Los costes medioambientales son una de las zonas clave donde el mercado falla a la hora de evaluar adecuadamente tanto costes como beneficios. Los EE.UU. están especializados en los costes medioambientales. El maíz es uno de los cultivos más contaminantes de todos los que existen en EE.UU. Uso excesivo de agua y productos químicos, vertido o filtrado de fertilizantes en la tuberías de suministro de agua, la zona muerta en la desembocadura del río Misisipi en el Golfo de México: todos estos son ejemplos de altos costes medioambientales derivados de la producción del maíz estadounidense. Productores y distribuidores no pagan prácticamente ninguno de los costes de esos daños, y el precio del maíz, cuando cruza la frontera con México, no refleja estos costes medioambientales.

¿Qué sucede en el lado mexicano? Los pequeños productores mantienen una gran biodiversidad ─tanto salvaje como en variedades de maíz─ con unos sistemas que requieren pocos insumos. Estas positivas contribuciones no obtienen recompensa alguna del mercado. La biodiversidad no tiene prácticamente valor para el mercado global aunque estas semillas de maíz son la piedra base para futuras variedades de maíz: las que necesitaremos para resistir al cambio climático, solucionar la resistencia a los pesticidas, etc. El precio del maíz mexicano no refleja estas contribuciones al bien común.

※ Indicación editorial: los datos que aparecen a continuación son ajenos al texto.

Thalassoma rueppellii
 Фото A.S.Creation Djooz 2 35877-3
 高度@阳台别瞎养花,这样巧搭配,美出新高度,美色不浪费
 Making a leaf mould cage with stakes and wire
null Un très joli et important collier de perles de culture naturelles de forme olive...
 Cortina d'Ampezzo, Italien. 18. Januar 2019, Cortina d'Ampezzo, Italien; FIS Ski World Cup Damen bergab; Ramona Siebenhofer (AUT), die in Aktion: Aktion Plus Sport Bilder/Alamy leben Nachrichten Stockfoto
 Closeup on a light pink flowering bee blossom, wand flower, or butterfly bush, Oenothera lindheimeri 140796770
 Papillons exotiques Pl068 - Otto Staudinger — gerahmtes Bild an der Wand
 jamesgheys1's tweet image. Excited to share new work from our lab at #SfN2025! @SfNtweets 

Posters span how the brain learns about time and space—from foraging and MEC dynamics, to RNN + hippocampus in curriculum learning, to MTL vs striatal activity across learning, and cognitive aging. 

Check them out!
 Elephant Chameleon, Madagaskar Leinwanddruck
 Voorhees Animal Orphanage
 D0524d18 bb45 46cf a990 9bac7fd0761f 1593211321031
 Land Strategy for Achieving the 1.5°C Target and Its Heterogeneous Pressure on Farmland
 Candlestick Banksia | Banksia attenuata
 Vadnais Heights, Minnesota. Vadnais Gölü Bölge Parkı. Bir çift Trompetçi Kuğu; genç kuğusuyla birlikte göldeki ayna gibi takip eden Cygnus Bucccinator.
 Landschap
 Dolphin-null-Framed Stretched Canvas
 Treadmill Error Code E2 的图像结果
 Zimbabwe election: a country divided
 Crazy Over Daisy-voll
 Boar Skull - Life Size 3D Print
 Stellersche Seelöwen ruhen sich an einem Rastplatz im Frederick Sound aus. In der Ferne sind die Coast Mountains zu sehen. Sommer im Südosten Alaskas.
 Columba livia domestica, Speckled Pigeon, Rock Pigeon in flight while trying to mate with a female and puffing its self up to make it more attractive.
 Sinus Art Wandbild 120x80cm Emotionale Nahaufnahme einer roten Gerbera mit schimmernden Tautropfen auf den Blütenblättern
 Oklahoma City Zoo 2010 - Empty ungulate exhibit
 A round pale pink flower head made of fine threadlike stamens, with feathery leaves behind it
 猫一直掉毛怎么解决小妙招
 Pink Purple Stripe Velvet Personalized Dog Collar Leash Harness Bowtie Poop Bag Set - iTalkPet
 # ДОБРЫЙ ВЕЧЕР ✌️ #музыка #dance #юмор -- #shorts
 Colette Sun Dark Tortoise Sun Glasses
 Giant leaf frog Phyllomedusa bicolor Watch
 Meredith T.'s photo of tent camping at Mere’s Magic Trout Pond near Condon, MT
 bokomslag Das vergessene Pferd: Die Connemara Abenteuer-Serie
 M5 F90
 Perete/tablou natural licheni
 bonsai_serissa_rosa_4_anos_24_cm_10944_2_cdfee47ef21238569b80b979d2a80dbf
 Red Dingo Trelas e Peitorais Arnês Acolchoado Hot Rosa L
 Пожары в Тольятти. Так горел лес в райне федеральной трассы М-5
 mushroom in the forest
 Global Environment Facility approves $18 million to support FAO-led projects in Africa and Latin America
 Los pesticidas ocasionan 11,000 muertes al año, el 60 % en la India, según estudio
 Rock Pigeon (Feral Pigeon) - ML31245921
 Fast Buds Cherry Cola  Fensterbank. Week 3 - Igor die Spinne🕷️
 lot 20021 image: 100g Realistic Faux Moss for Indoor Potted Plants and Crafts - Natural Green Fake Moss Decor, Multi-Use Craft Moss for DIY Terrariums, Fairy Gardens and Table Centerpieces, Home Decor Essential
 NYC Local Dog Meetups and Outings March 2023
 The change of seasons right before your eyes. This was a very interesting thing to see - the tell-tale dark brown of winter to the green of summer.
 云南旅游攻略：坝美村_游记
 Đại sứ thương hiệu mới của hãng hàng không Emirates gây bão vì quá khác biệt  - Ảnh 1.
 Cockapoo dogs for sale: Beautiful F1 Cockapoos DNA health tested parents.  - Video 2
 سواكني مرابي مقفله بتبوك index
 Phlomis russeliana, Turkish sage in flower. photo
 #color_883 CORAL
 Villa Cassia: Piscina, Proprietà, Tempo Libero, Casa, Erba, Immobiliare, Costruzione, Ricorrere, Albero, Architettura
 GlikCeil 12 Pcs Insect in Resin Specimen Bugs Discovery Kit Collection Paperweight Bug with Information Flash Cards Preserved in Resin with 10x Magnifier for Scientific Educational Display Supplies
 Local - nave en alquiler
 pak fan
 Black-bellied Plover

Cuando se globaliza el comercio, se globalizan también los fallos del mercado. Pones en competencia directa al maíz estadounidense, con un precio inferior al real, con el maíz mexicano devaluado. El maíz mexicano pierde en esa competición, pero no porque sea menos “eficiente”. Un agricultor mexicano dijo una vez: “En México hemos producido maíz durante 8.000 años. Si no tenemos una ventaja comparativa en la producción de maíz, ¿dónde la tenemos?” Y tiene razón. El problema es que la ventaja comparativa, tal y como la define el mercado global, no valora la ventaja que el maíz mexicano ofrece. Y en un mercado desregulado lo único que vale es lo barato que es algo.

La globalización de los fallos del mercado nos da como resultado una degradación del entorno, un incremento de la pobreza entre los productores de comida y de la dependencia alimentaria, y hambre. Por eso uno de los principales culpables de la crisis alimentaria es nuestra ciega búsqueda de comida barata.

La globalización lo abarata todo. El problema radica en que simplemente no se deberían abaratar ciertas cosas. El mercado es muy bueno estableciendo el valor de muchas cosas pero no es un buen sustituto de los valores humanos. Las sociedades necesitan determinar sus propios valores humanos, no dejar que el mercado lo haga en su lugar. Existen algunas cosas esenciales, como nuestra tierra y los alimentos que puede producir de manera biológicamente sostenible, que no se deberían abaratar.